What needs to be done.
Restate exactly the lines of the entries below, beginning with the first and ending with the line that holds "بالصور..عمرو دياب يحيي فرح الفائزين بمسابقة فودافون بالصور..عمرو". Pictures are not copied.

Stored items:
------------------------------------
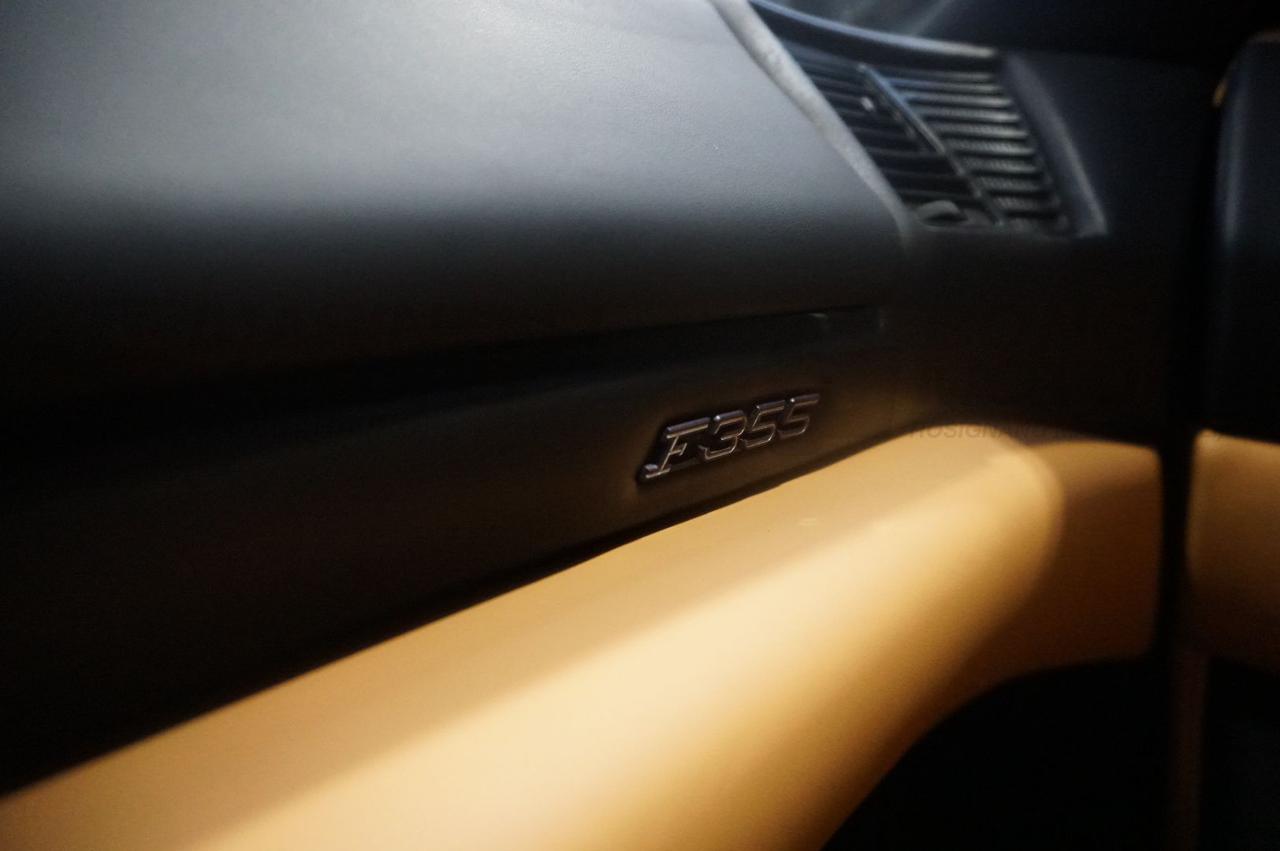 FERRARI F355 BERLINETTA - 15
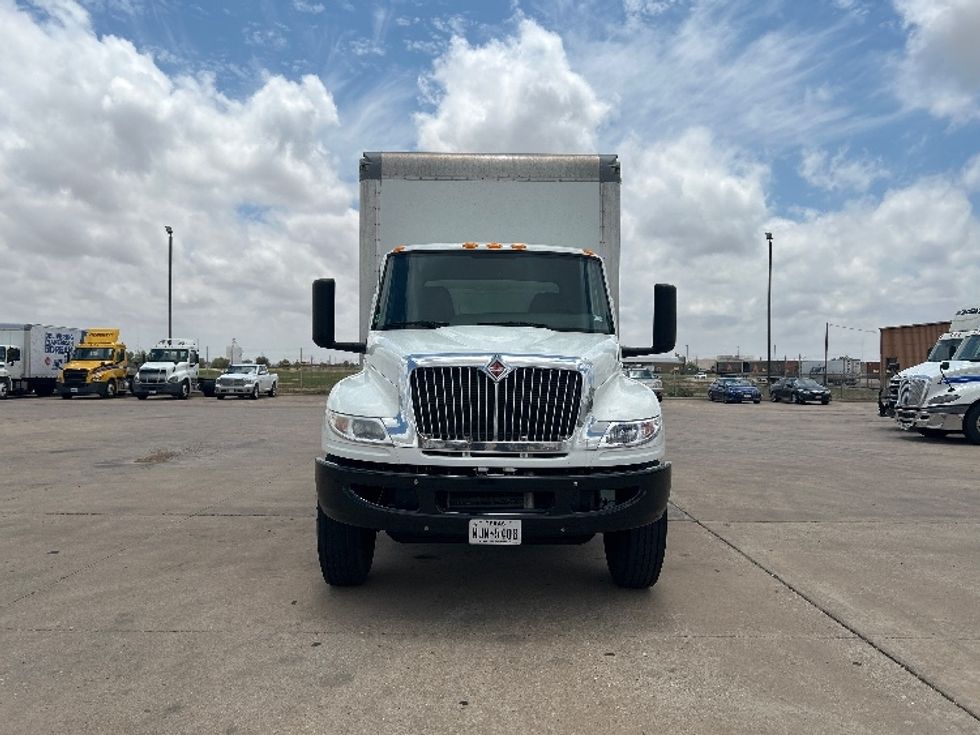 Medium Duty Box Truck-Light and Medium Duty Trucks-International-2020-MV607-Lubbock-TX-184,687\n\t\tmiles-$ 56,500 - Image 2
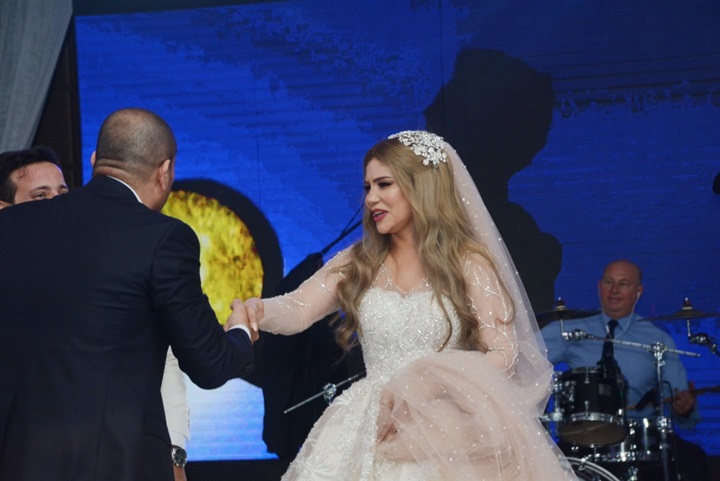 بالصور..عمرو دياب يحيي فرح الفائزين بمسابقة فودافون بالصور..عمرو دياب يحيي فرح الفائزين بمسابقة فودافون
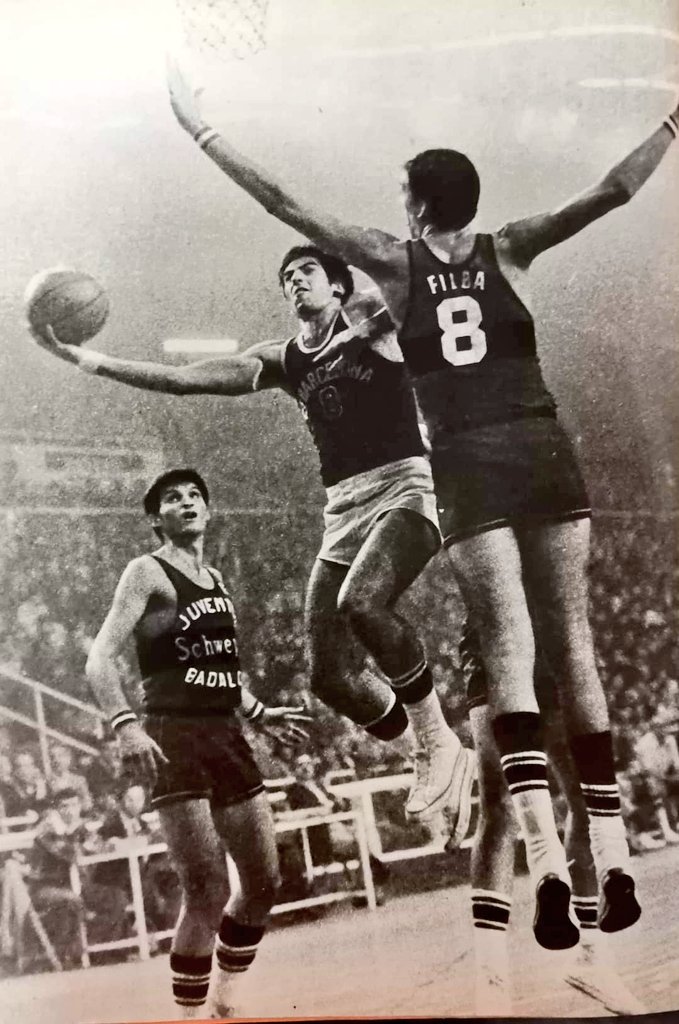 DeporteVintage's tweet photo. #ManoloFlores entra a canasta ante la oposición del malogrado #JoanFilba observa #JRFernandez 1975/76 #LigaNacional Palau Blaugrana https://t.co/Ys6J6aSQkS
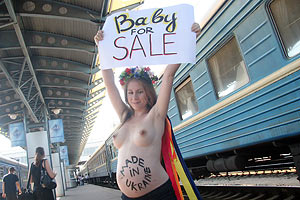 Беременная актвистка FEMEN выступила против "сурроГадства"
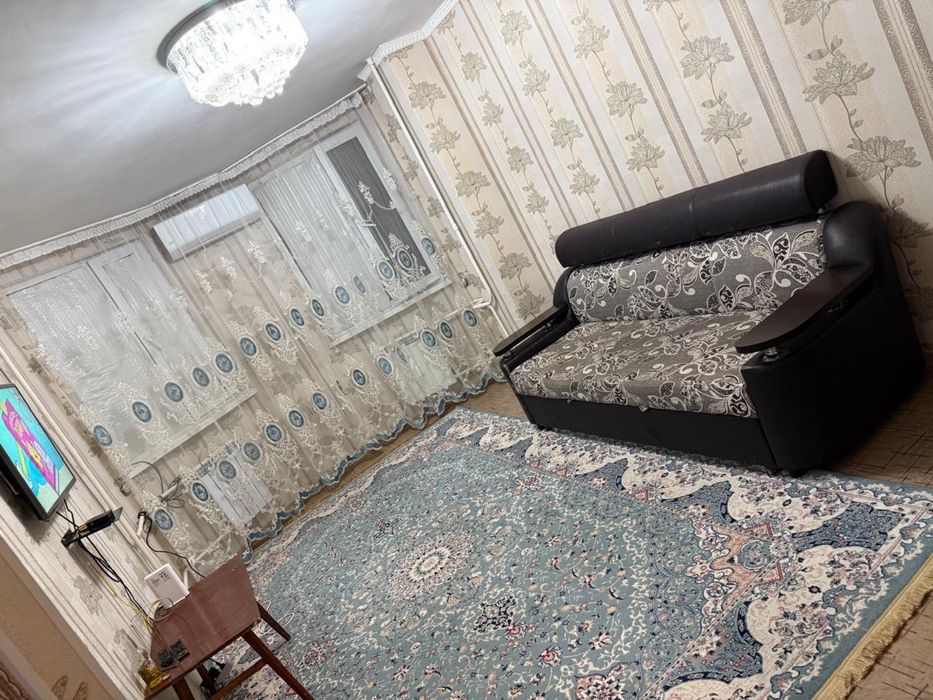 Большой коверь в хорошем состояний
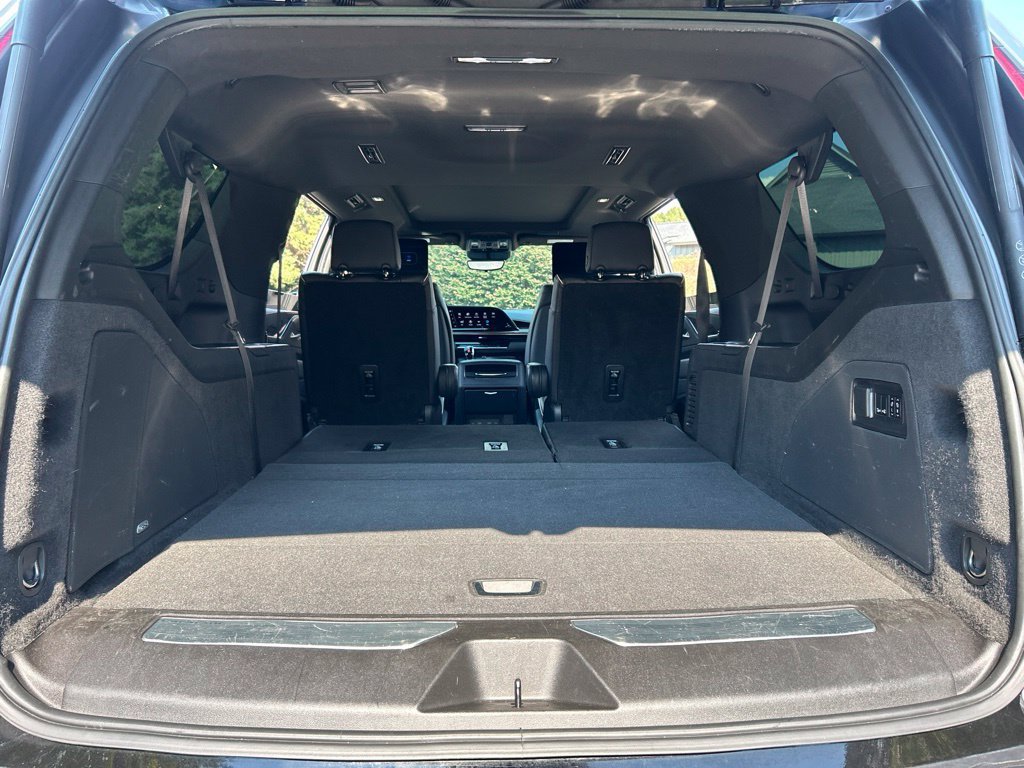 Used 2021 Cadillac Escalade ESV Premium Luxury w/ LPO, Radiant Package AWD/4WD image 22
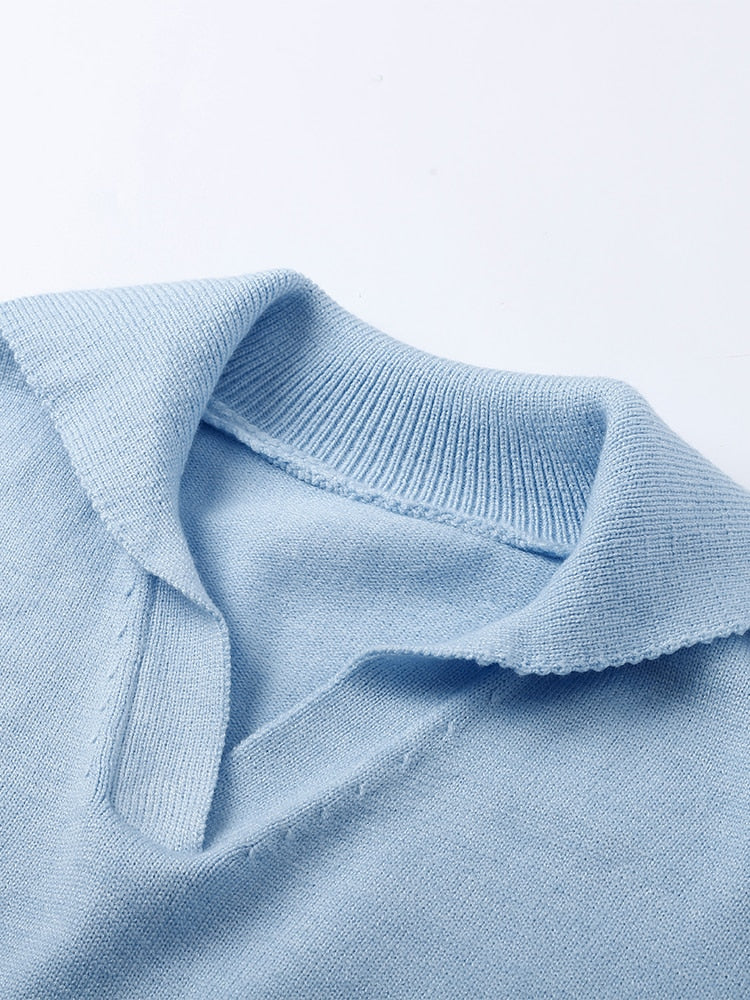 Hellblauer Strickpullover mit V-Ausschnitt und Kragen, weiches Material, modisch und bequem.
------------------------------------
Solved problem.
 FERRARI F355 BERLINETTA - 15
 Medium Duty Box Truck-Light and Medium Duty Trucks-International-2020-MV607-Lubbock-TX-184,687\n\t\tmiles-$ 56,500 - Image 2
 بالصور..عمرو دياب يحيي فرح الفائزين بمسابقة فودافون بالصور..عمرو دياب يحيي فرح الفائزين بمسابقة فودافون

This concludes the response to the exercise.